Sunday, July 15, 2012
The cartoonist on the radio...
Sounds ridiculous, right? Like mime on the radio. But here's why I bring it up...
A couple of days ago I had a Twitter exchange with Montreal media blogger Steve Faguy. Steve was teasing me about tweeting that I had applied for a radio job, telling me "You'd be the first radio cartoonist." I reminded him I'd already been the resident "radio cartoonist" for many years on CBC Montreal, where I was the comic foil for the funniest broadcaster in the country.
I worked opposite morning show host Dave Bronstetter for a decade.What I did on-air at the CBC went way beyond my traffic reporter job description. Bronstetter is a true wit who tested my ability to ad lib to the utmost every single morning, much to the chagrin of a string of CBC producers and much to the delight of our audience.
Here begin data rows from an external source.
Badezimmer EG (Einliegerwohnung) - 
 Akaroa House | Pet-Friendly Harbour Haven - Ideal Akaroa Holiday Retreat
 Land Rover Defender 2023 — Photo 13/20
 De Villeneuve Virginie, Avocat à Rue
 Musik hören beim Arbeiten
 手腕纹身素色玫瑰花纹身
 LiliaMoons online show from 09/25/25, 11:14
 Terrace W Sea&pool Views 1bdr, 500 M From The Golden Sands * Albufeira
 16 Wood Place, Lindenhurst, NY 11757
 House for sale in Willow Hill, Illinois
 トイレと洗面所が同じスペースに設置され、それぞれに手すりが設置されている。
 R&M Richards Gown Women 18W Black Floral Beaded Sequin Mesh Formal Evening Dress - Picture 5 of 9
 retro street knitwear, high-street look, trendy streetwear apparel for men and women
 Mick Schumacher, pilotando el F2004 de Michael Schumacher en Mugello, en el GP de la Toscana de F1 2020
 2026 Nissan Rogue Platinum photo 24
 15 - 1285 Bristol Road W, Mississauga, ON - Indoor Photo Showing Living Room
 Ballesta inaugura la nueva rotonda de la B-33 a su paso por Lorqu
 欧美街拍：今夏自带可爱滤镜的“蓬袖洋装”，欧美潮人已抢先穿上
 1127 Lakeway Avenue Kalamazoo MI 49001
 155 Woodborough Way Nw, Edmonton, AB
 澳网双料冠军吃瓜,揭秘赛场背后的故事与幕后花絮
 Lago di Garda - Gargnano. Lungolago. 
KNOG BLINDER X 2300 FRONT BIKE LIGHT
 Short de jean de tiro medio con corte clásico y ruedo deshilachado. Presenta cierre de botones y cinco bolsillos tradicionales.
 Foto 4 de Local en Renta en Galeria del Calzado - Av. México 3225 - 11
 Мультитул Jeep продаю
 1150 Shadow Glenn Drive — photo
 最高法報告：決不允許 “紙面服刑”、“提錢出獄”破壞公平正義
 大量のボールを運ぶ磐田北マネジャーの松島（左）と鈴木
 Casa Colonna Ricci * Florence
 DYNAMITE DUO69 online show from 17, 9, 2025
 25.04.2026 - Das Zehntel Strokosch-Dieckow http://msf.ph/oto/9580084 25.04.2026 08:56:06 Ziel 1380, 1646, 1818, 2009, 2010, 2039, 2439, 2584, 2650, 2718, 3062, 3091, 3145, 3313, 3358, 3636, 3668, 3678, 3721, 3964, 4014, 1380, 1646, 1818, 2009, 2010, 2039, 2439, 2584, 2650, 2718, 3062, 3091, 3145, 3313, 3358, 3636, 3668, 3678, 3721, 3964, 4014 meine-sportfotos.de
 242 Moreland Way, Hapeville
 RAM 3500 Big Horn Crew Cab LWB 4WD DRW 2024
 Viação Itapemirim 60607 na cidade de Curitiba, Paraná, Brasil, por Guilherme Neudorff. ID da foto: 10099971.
I grabbed the papers every day and concocted a daily, unscripted running commentary on whatever was happening in the news and pop culture. I wrote, produced and performed What Happened, a weekly comedy takeoff on the news that was syndicated across the country. What Happened then spawned an online animated cartoon and a book. I was also simultaneously (no, not while I was reporting the traffic) drawing editorial cartoons for, respectively, alt weeklies Hour, then the Mirror.
So, yeah, Steve, I was a radio cartoonist.
But how did I get there? I've always been a writer. I've always been a cartoonist. I became a broadcaster by accident. A happy accident. The whole story was reported last fall on the CBC's 75th anniversary blog.
I drew a caricature of Morningside host Peter Gzowski (above) while listening to the show one day. (The crosshatch style, so different from how I draw today, was inspired by David Levine). I mailed it in on a whim, the CBC bought the art and started using it to promote the program. Eventually I met Gzowski while I was doing a book tour that saw me do a lot of media interviews, largely radio spots. Surprisingly, I discovered I was pretty good in front of a live microphone.
Now fast forward a bit. A year after I served on the jury of the Salon de la Caricature (and that's another story I'll get to some day), I got a call from the Salon's founder, the eminent Robert LaPalme, asking me to attend a news conference where the current prize winners were to be announced. I got there, looked over the prize-winning cartoons and did a string of interviews (as a cartoon "authority"), including one with a well-known CBC writer-broadcaster. After the interview she shut off her tape recorder and said "You should be in radio." I said "How do you do that?" and she gave me a phone number. Two weeks later I was working as a current affairs researcher for CBC Radio. Then I started working on-air doing traffic on the afternoon show. And, after many more twists and turns, ultimately wound up opposite Bronstetter on Daybreak.
Nowadays would anyone take a chance hiring a young person to work in radio whose main credentials were that they could write a bit (I freelanced for small magazines) and draw funny pictures? Probably not, which is a pity. Some of the best broadcasters I've ever met never "studied" broadcasting, they fell into it. Gzowski had been an editor at Maclean's.
Anyway, there I was, a cartoonist on the radio. And, later, radio cartoonist.